Engines: V12 and the six
The XJS launched with Jaguar’s 5.3-litre V12, the same smooth, near-silent engine that powered the XJ12 saloon. In 1981 it gained the High Efficiency, or HE, specification, which used a special cylinder head to raise compression and improve the V12’s notorious thirst, the main benefit being economy rather than extra power. In 1992 the V12 grew to 6.0 litres.
From 1983 a six-cylinder option transformed the car’s prospects: the 3.6-litre AJ6, later enlarged to 4.0 litres in 1991, gave the XJS a cheaper-to-run, nearly-as-smooth alternative that broadened its appeal enormously. The six launched with a five-speed manual gearbox, a rarity in a car otherwise sold mostly as an automatic. Most V12s used a three-speed automatic, later a four-speed, and a manual V12 is very rare indeed.
A word on the figures: the V12’s quoted outputs vary with the measuring standard and the market, and the highest power numbers, around 333 bhp, belong to the hot JaguarSport XJR-S rather than the standard car, so treat any single headline figure with care.

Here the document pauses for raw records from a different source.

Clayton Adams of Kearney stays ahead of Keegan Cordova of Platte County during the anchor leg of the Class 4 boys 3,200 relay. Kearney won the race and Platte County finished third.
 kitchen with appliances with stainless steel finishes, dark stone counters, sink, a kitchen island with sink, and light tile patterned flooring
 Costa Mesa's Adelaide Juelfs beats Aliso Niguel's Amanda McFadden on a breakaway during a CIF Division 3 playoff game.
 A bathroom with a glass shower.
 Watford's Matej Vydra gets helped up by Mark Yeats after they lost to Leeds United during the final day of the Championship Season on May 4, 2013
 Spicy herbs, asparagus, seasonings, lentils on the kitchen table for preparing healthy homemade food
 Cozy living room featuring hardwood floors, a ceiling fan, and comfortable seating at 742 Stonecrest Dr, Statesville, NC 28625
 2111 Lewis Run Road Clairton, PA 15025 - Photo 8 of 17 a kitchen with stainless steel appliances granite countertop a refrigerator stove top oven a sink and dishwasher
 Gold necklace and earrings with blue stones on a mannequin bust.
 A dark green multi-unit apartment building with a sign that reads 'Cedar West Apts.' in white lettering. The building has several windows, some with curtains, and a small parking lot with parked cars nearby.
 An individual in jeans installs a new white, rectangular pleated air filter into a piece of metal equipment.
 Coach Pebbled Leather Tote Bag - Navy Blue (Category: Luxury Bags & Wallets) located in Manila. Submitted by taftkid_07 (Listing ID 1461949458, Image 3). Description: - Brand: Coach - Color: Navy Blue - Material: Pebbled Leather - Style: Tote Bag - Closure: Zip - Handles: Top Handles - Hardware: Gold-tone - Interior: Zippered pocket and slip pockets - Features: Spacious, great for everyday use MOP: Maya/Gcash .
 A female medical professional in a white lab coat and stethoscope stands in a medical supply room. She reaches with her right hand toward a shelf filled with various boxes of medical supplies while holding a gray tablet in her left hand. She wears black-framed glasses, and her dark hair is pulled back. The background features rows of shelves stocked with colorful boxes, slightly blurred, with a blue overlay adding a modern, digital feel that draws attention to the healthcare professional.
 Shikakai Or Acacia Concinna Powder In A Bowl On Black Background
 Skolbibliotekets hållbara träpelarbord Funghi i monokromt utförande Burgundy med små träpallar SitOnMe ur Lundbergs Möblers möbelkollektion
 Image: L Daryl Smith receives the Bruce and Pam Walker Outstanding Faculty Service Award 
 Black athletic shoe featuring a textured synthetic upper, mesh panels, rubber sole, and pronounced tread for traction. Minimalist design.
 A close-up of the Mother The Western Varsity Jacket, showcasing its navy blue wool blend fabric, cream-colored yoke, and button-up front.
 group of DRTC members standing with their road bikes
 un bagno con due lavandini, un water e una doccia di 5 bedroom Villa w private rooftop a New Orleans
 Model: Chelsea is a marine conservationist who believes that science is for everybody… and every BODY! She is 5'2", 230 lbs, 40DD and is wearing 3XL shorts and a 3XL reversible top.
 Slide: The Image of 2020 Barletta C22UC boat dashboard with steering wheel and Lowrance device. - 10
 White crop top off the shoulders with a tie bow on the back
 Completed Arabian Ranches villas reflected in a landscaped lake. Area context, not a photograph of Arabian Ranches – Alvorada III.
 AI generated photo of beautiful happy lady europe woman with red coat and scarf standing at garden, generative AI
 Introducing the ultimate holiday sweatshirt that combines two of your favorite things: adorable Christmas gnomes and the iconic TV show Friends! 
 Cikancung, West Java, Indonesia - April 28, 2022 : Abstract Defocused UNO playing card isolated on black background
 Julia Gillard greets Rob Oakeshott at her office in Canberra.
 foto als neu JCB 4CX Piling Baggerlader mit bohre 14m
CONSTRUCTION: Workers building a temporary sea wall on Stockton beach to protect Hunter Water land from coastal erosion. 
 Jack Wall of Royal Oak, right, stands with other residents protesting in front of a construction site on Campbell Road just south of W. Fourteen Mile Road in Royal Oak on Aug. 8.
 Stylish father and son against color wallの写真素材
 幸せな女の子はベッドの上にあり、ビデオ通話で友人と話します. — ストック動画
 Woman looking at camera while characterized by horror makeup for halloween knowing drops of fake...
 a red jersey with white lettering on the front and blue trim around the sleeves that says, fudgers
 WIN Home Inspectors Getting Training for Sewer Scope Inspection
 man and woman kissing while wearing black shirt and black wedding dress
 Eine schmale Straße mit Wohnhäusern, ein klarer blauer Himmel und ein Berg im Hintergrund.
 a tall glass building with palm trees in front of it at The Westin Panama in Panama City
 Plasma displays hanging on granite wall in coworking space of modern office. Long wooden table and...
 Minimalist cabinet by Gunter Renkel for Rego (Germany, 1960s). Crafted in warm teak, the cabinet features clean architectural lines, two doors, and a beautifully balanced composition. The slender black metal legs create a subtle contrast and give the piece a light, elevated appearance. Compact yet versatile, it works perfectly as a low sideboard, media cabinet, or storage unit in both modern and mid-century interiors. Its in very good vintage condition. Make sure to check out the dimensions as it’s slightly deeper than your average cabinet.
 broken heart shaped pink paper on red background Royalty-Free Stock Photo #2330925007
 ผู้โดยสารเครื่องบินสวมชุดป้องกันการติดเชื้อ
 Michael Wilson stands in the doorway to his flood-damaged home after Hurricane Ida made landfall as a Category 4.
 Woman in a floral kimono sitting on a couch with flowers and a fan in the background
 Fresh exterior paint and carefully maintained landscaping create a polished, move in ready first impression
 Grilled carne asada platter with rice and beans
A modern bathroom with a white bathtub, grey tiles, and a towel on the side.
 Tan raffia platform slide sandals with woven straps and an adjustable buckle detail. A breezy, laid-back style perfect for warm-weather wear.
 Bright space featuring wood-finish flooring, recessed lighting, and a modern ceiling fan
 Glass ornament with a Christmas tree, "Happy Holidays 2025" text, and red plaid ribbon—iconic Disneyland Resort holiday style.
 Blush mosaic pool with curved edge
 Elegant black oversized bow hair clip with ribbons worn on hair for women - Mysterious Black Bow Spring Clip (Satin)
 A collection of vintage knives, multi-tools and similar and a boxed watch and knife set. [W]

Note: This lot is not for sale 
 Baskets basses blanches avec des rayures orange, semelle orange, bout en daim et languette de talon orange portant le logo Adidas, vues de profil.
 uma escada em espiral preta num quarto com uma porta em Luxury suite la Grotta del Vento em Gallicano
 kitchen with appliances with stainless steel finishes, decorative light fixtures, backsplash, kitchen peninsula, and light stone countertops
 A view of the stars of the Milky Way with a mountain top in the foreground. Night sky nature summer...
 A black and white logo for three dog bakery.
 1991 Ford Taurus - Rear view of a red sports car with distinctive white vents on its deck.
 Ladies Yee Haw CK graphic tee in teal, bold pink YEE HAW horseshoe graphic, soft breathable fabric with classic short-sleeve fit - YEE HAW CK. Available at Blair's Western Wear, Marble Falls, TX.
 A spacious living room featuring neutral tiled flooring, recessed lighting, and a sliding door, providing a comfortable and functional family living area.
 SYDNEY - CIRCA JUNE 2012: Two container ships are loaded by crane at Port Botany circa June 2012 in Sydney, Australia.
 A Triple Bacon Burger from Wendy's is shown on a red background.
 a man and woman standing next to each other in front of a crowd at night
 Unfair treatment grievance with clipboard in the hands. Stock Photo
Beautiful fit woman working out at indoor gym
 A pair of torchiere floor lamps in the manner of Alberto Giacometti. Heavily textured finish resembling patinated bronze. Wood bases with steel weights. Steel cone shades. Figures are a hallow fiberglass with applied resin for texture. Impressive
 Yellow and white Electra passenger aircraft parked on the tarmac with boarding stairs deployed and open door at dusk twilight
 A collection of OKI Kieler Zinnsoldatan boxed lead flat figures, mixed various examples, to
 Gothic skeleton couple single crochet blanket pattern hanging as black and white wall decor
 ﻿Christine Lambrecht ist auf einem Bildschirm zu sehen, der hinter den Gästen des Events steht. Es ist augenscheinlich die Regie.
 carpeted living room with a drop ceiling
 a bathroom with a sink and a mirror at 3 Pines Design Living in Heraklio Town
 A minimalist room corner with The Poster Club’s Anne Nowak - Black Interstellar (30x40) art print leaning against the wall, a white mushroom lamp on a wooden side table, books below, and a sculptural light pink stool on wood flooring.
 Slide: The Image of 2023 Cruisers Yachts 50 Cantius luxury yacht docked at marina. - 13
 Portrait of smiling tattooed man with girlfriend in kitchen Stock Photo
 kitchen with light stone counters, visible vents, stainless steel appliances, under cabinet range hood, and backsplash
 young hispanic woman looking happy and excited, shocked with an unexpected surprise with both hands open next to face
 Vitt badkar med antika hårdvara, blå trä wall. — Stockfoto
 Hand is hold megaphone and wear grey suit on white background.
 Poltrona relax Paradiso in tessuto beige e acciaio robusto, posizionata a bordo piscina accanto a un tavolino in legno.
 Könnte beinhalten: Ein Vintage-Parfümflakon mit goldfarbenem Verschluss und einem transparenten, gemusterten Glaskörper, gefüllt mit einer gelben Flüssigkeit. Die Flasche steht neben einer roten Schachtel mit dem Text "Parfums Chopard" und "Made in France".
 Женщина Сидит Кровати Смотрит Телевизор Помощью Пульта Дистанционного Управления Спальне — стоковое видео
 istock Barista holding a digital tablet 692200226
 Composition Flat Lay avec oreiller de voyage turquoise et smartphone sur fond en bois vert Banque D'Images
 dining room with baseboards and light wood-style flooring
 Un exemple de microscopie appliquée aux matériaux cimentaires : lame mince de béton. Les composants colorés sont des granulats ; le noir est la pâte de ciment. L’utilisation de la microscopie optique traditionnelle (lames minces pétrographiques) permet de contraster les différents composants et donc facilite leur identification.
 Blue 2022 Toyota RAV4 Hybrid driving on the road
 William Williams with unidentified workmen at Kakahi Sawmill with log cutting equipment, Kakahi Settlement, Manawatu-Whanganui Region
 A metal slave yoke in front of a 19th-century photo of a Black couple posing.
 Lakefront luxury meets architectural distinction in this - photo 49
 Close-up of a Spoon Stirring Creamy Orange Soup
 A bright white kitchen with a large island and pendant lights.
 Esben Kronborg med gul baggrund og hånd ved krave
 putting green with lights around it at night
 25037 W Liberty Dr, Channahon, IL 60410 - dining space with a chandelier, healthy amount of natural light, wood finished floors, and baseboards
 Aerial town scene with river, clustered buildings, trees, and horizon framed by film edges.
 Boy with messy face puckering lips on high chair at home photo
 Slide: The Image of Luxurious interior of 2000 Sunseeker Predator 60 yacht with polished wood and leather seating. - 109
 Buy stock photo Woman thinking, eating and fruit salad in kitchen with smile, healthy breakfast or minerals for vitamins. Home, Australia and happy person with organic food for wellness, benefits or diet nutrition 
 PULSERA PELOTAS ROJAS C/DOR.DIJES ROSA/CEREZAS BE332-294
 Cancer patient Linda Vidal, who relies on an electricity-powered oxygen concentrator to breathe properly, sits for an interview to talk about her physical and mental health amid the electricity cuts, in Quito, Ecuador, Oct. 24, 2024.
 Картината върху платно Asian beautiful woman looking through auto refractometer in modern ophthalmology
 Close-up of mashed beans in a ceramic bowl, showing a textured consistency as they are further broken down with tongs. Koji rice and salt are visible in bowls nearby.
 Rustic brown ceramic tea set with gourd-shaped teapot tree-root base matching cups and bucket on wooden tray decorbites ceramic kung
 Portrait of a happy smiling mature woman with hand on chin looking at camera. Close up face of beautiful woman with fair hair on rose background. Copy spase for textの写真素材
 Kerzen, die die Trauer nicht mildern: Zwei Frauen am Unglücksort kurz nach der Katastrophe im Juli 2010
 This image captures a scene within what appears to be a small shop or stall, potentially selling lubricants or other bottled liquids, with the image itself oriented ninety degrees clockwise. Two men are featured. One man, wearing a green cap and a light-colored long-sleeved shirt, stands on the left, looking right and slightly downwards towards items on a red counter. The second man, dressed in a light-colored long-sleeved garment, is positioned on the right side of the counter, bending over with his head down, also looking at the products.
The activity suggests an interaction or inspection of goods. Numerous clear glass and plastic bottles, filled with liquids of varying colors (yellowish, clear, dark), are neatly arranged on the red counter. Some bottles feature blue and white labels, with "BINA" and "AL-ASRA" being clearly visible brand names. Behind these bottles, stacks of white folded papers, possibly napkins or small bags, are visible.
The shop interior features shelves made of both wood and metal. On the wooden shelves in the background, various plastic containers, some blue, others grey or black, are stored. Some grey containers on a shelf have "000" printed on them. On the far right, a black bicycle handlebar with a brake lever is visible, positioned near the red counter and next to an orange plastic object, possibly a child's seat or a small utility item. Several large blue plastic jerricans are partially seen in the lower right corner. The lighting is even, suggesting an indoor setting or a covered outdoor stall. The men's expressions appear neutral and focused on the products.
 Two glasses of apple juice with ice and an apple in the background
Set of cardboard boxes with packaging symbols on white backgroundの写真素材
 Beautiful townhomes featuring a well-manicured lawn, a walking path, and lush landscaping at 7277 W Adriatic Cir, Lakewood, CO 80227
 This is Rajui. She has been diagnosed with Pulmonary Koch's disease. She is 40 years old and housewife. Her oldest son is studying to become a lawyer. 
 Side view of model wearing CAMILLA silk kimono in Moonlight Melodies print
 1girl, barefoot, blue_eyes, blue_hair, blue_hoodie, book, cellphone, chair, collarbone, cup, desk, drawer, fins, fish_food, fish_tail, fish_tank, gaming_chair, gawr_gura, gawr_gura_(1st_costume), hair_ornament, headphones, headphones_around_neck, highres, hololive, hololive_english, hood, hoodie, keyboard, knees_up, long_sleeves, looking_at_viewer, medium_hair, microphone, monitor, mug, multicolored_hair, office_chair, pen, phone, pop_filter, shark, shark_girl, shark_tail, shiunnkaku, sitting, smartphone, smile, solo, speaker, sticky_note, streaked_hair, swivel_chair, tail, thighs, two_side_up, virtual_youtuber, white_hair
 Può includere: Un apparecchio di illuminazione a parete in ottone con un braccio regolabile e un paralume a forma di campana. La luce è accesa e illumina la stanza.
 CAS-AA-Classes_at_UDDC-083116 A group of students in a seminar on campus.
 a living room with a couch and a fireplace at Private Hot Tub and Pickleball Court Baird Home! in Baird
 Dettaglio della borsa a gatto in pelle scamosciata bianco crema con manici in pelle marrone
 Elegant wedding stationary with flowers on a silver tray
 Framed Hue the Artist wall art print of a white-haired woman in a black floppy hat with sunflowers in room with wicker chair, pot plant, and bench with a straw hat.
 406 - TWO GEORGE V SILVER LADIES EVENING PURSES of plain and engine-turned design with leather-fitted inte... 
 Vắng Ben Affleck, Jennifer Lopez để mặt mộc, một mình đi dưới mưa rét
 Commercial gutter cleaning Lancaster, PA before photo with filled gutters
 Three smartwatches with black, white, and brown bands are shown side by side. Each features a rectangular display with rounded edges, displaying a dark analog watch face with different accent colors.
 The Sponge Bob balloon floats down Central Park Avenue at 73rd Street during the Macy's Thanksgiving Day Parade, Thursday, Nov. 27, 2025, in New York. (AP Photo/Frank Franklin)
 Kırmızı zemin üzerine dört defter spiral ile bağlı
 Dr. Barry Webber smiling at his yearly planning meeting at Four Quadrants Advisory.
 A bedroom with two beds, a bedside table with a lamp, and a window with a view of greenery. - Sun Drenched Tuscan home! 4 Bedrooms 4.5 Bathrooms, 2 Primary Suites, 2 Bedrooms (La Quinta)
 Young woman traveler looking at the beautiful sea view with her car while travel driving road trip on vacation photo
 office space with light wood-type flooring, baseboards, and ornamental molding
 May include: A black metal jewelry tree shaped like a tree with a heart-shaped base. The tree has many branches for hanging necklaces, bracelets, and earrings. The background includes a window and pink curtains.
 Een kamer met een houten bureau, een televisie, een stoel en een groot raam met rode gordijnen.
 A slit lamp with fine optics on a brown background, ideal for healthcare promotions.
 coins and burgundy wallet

Body styles: coupe, cabriolet, convertible
The XJS began as a fixed-head coupe, a 2+2 with small rear seats. In 1983 came the XJ-SC cabriolet, a targa-style car with a fixed roll-over structure and removable roof panels rather than a full soft-top, offered first with the six and later the V12. The car most people want, though, is the full convertible of 1988, with a proper folding roof and a much stiffer shell, which was a strong seller and remains the most desirable body style today.

TWR and the racing XJ-S
The XJS earned real competition credibility. Tom Walkinshaw Racing campaigned the V12 in the European Touring Car Championship from 1982, and in 1984 Walkinshaw took the drivers’ title and the team won the Spa 24 Hours, Jaguar’s first 24-hour win since Le Mans in 1957. It was an unlikely competition car, a big luxury GT turned racer, and it gave the road cars a hard edge of motorsport history they wear well.

Buying an XJS now
The XJS reputation for complexity and cost is real, but mostly for the V12. The six-cylinder cars are far cheaper and simpler to own. On any XJS, rust is the structural concern: check the jacking points, the floors and the seatbelt-mounting areas, the sills, the bottoms of the front wings where they meet the sills, the rear wheelarches, the lower rear wings and valances, the doors, and especially the windscreen scuttle, a tricky and expensive area to repair properly.
On the V12, the cooling system is everything. The radiator silts up if the coolant is not changed regularly, so brown, neglected coolant is a reason to walk away, and the complex ignition and fuelling need to be right. The desirability ladder runs from the rare early pre-HE and manual cars, prized for originality, through the better-driving HE, to the most usable facelift cars, with the V12 convertibles at the top. The trap is the same as on every big Jaguar: a cheap car with deferred maintenance and hidden corrosion is no bargain.

What it is worth
The XJS spans a wide range. Projects start around £5,000, usable cars including V12 convertibles sit around £10,000 to £15,000, and the best late, low-mileage examples reach £20,000 to £30,000. Good V12 convertibles and the early pre-HE cars carry the strongest premiums, while the bottom of the market is rough, rusty six-cylinder coupes. The six trades below the equivalent V12 but is cheaper to own. Auction data and the price guides confirm the pattern, with condition, the state of the cooling and fuel systems, and bodywork the decisive factors.
Related
The XJS is the grand tourer in the classic Jaguar range and one of the defining British classic cars of the 1980s. It followed the E-Type, shared its V12 and its underpinnings with the XJ6, and went on to outlast both.